On the first drive? I only ask because DOS, at least, ignores any drives it
can't recognise (so it ignores my ext2 in /dev/hda and my CD-ROM in hdb and
regards my /hdc1 as C: and my /hdd1 as D:). But Windows may be more picky.
> Don't despair, GRUB is perfectly capable of _hiding_ specific partitions
> in the bootprocess, and many(?) BIOSses allow to swap the order of drives.

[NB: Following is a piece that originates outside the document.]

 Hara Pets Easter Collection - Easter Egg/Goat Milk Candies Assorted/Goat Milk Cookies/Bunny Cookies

Or I can just physically swap them over. My machine usually has its
covers off...
>
> So create on the disk of choice enough primary partitons, use GRUBS to
> hide all but one, swap the BIOS drive order such that the drive of
> choice seems to be the first one, and all is swell.
>
> Well it should be, but experience has learned me otherwise:(
> The biggest problem being ghost/phantom drives appearing under windows.
>
> I used to think it was related to windows weared way of determining to
> use or not to use lineair addressing mode on large drives, and hence
> its inability to obey the partitioning scheme used. So I was very
> carefull to partition disks in such a way that the 1024 cylinder (this
> being one of the clues windows uses) felt on a partition boundary.
>
> But nowadays I think that what's really needed is to take care that all
> windows partitions have there first sector(s?) cleaned prior to letting
> windows format those, as it seems that windows prefers the partitioning
> information it finds in that(those) first sector(s) to the real partition
> table, and what is worst, there is a bootstrap problem as windows format
> prog assumes that info is valid and hence will use it unless it's cleared.

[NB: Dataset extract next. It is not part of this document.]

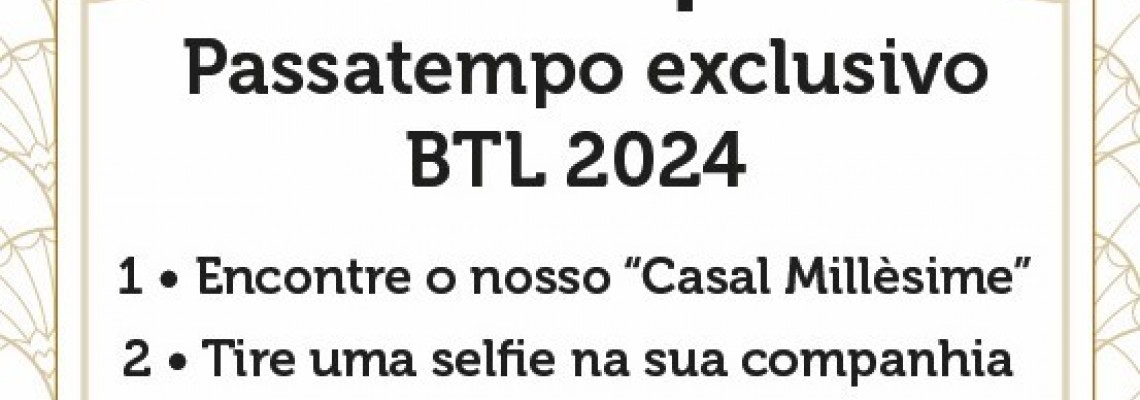 Passatempo Millèsime BTL 2024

Thanks, I'll bear that in mind.
> As far as I know the 1024 cylinder thing is still very much relevant
> to Win95 as wel as chosing the right partition type, so probably the
> safest is to partition carefully. And be warned, I've lost linux
> partitions (on my fathers machine thanks to my sister) using windows
> tools to repartition, reformat and reinstall windows:( --this was
> prior to me being very carefull to wipe the first sector, so maybe it
> works better now. Anyway, i've always used linux tools to do the
> partitioning, the only way for me to be able to _predict_ the end
> result--
>
>
> ...
>
> > I'd like to be able to boot into DOS, Win95 and Win98.
>
> ...
>
> > I'm just wondering how practical that is. Can W95 and W98 coexist on
> > the same disk in diferent partitions and still both be bootable? If
> > not, any
>
> Yes, that's what I've been doing for years. Though the safest thing
> would be to have seperate disks for each windows install and use the
> BIOS capability to swap drives, you could do like I do (and pray:).
>
>
> My disks lookes like:
>
> # two bootable windows partitions on hda
> # one bootable windows partition on hdb
>
>
> My /boot/grub/menu.lst lookes like:
>
> title Windows from second disc
> map (hd0) (hd1)
> map (hd1) (hd0)
> root (hd1,0)
> makeactive
> chainloader +1
>
>
> title Win95 from first disc second partition
> hide (hd0,0)
> unhide (hd0,1)
> root (hd0,1)
> makeactive
> chainloader +1
>
>
> title Win98 from first disc first partition
> unhide (hd0,0)
> hide (hd0,1)
> root (hd0,0)
> makeactive
> chainloader +1
Many thanks for that! I was wondering if it was practical, most of the
Windows 95/98 dual-boot 'howtos' I've found seem to put 95 and 98 in
different directories on the same partition. Which I could do, but keeping
them separate and using GRUB as you've shown there seems to be tidier.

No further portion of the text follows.